Drawing an analogy between the stories of the Jewish and Palestinian refugees gives rise to a moral and just argument against the Palestinian demand for "the right of return"; and it is difficult to understand why no consistent use is made of this argument.
... The Israeli left finds it difficult to cultivate an explanatory argument that appears to emphasize moral supremacy for the Jewish side, which absorbed and rehabilitated the Jewish refugees, over the Arabs, who worked to perpetuate the suffering and nurture it as an anti-Israeli tool. Among the left, the Zionist ethos was learned with much guilt feelings about us being the cause of the refugee problem; while the radical left voices sweeping (false) accusations that the Israel Defense Forces, the Haganah, the Palmach and the Irgun were involved in the systematic massacre and deportation of the Palestinians.

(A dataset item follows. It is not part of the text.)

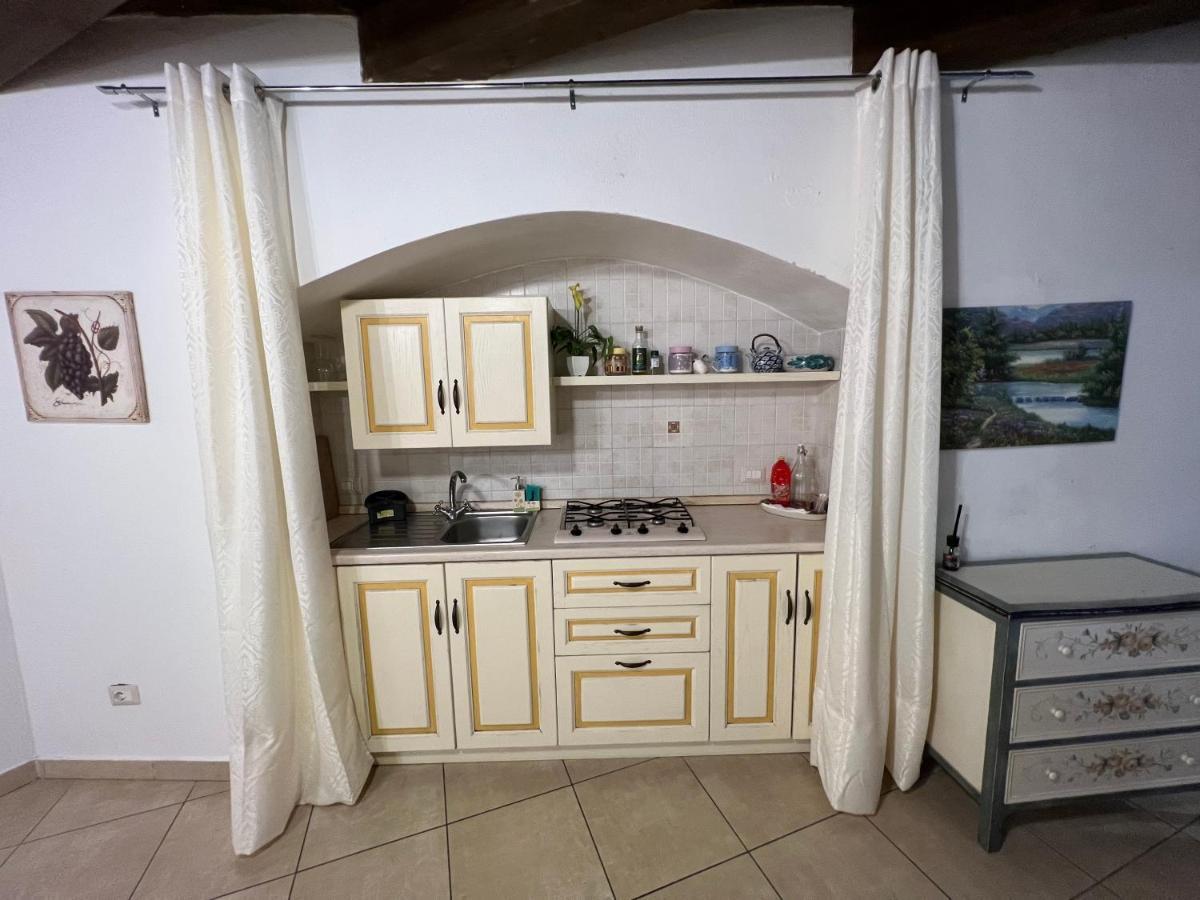 Caralis Holiday Cagliari Bagian luar foto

... The Israeli right has seen the development of inhibitions of a different kind. Right-wingers and government representatives, too, believed that we shouldn't use the term "Jewish refugees," because it is antagonist and doesn't reflect the Zionist revival. As far as they are concerned, we should emphasize that most of the Jews from the Arab states were drawn to Israel by Zionist ideals and did not come here as refugees. Many of Israel's Jews from the Arab states chose to adopt the Zionist interpretation.

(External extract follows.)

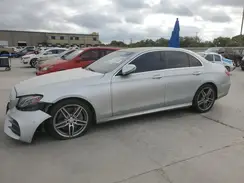 WDDZF4JB5HA042656 2017 MERCEDES-BENZ E-KLASSE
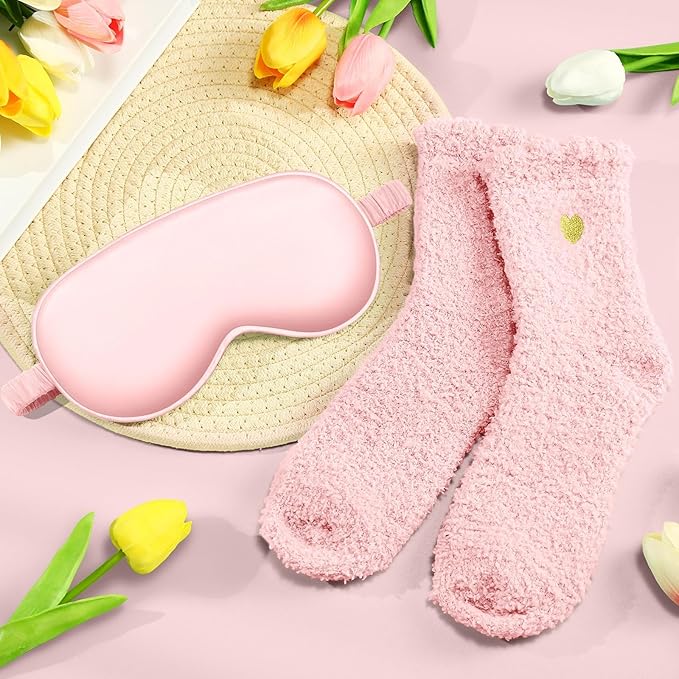 Happy Birthday Gifts for Women Mom Her Friend Sister Wife Grandma, Self Care Gifts Get Well Gifts Unique Relaxing Spa Gift Basket Set, Mothers Day Gifts for Mom Wife Grandma Daughter Friends Sister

The Zionist ethos doesn't accept the fact that the vast majority of Israeli residents, Ashkenazim and Sephardim, came to the Promised Land as persecuted or deported refugees. There was, of course, an active Zionist elite in Europe or the Arab states; but as is the case with a pioneering leadership, it was limited. The masses arrived by means of a far less heroic process. This does not detract from the historical justification for the Zionist revolution.
The battle against "the right of return" rages on, and it requires us to adopt a realistic and see-right approach to the Zionist ethos and the Zionist justice.
Wednesday, August 06, 2003
"The right of return" is being turned on its head: Dr. Avi Becker, secretary-general of the World Jewish Congress, complains in Ha'aretz that discussion of any "right to return" always ignores the Jewish exodus from Arab lands when Israel was founded. More importantly, Israel has the moral high ground without ever acknowledging it, because Israel looked after its refugees, rather than turning them into a permanent homeless cadre encouraged to take back lands they feel belong to them by force.